**Problem details**
Output must consist only of the lines of the material below from the one with "Стало известно, сколько" through the one with "The Heavenly Demon", each reproduced exactly; no pictures belong in it.

**Dataset content**
============================================================

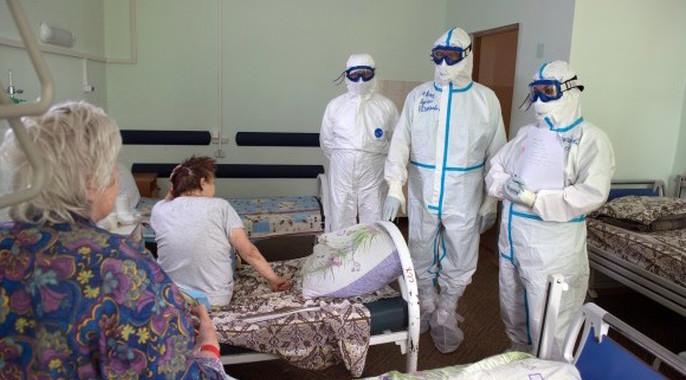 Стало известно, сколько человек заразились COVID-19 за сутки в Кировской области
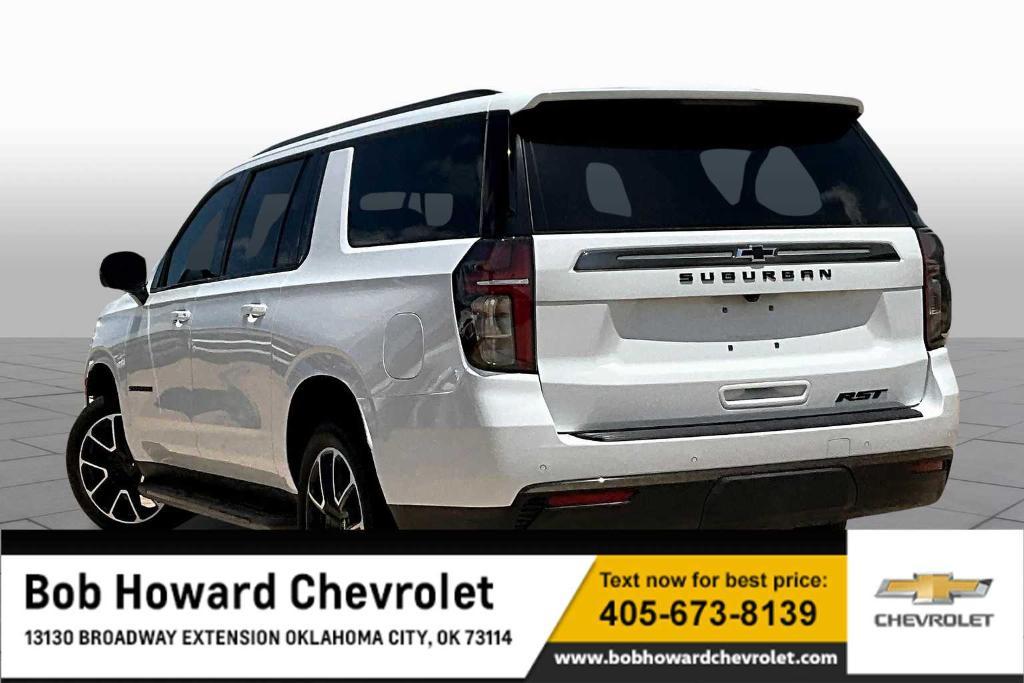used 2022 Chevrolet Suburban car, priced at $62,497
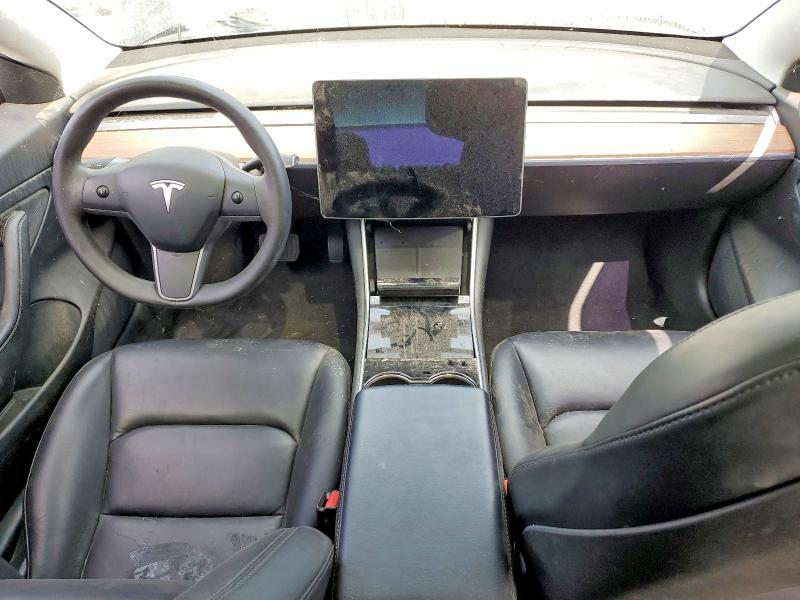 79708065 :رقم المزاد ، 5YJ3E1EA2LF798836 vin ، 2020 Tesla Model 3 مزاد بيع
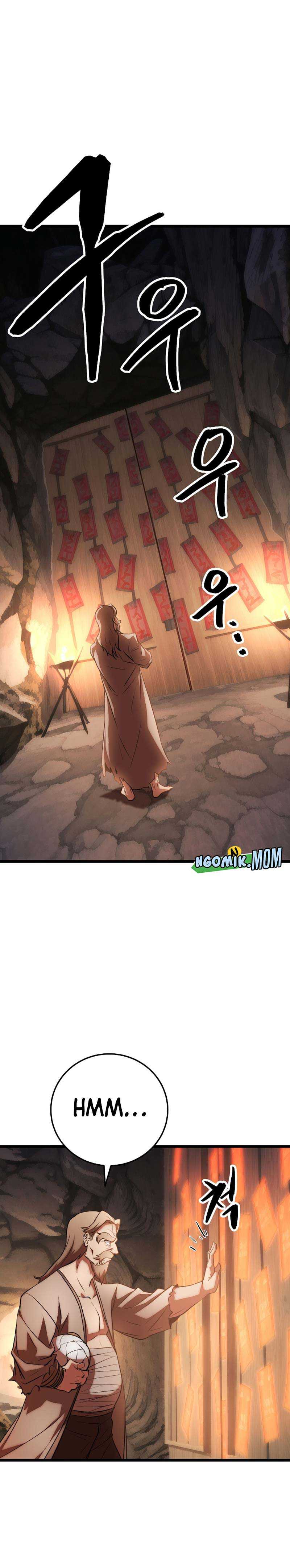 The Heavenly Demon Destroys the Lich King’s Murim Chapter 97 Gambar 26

============================================================

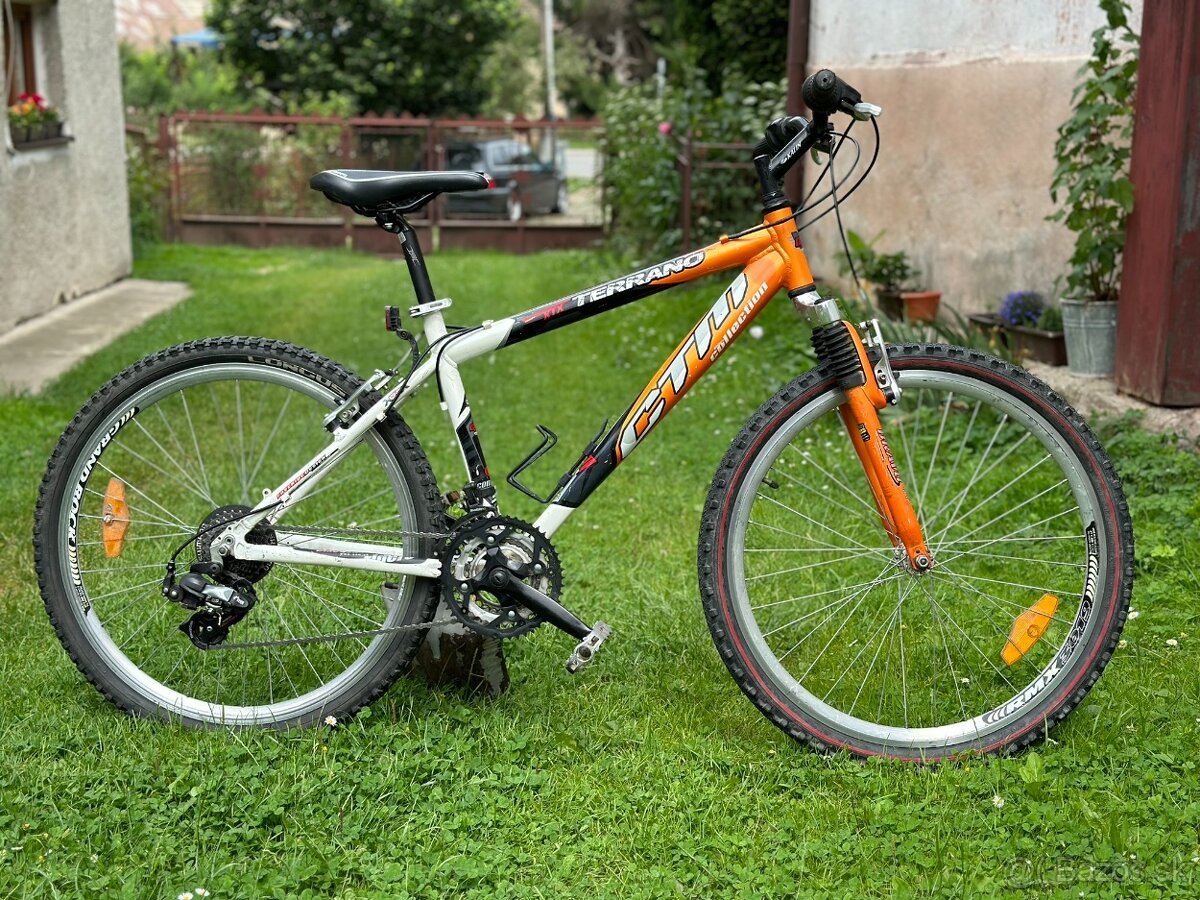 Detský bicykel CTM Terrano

============================================================

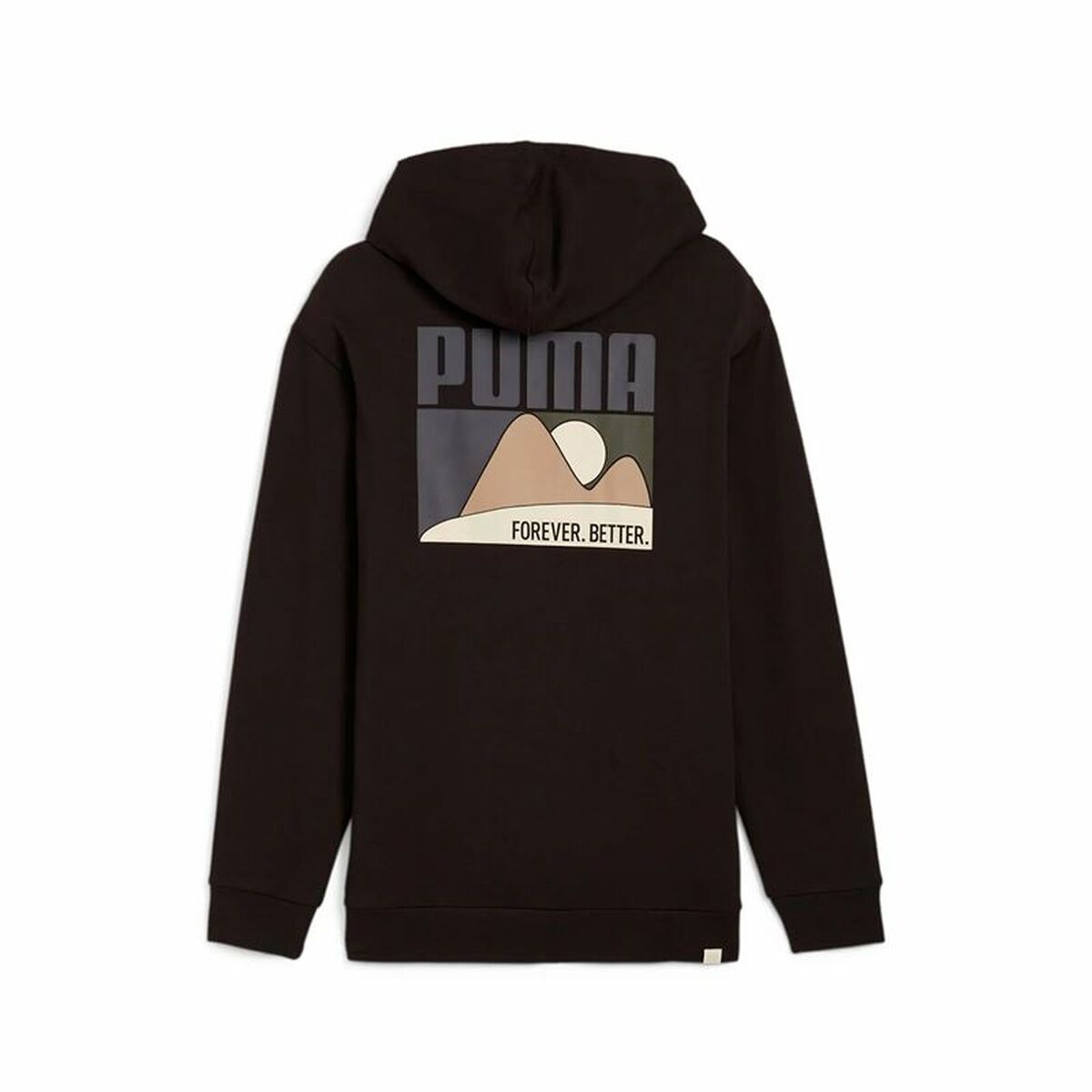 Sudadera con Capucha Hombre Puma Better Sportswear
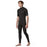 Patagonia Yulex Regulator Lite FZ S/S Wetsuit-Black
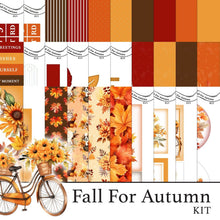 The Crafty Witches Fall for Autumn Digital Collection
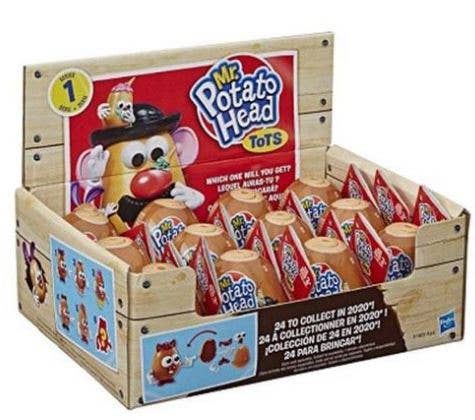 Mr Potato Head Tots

============================================================

**Response**
 Стало известно, сколько человек заразились COVID-19 за сутки в Кировской области
used 2022 Chevrolet Suburban car, priced at $62,497
 79708065 :رقم المزاد ، 5YJ3E1EA2LF798836 vin ، 2020 Tesla Model 3 مزاد بيع
 The Heavenly Demon Destroys the Lich King’s Murim Chapter 97 Gambar 26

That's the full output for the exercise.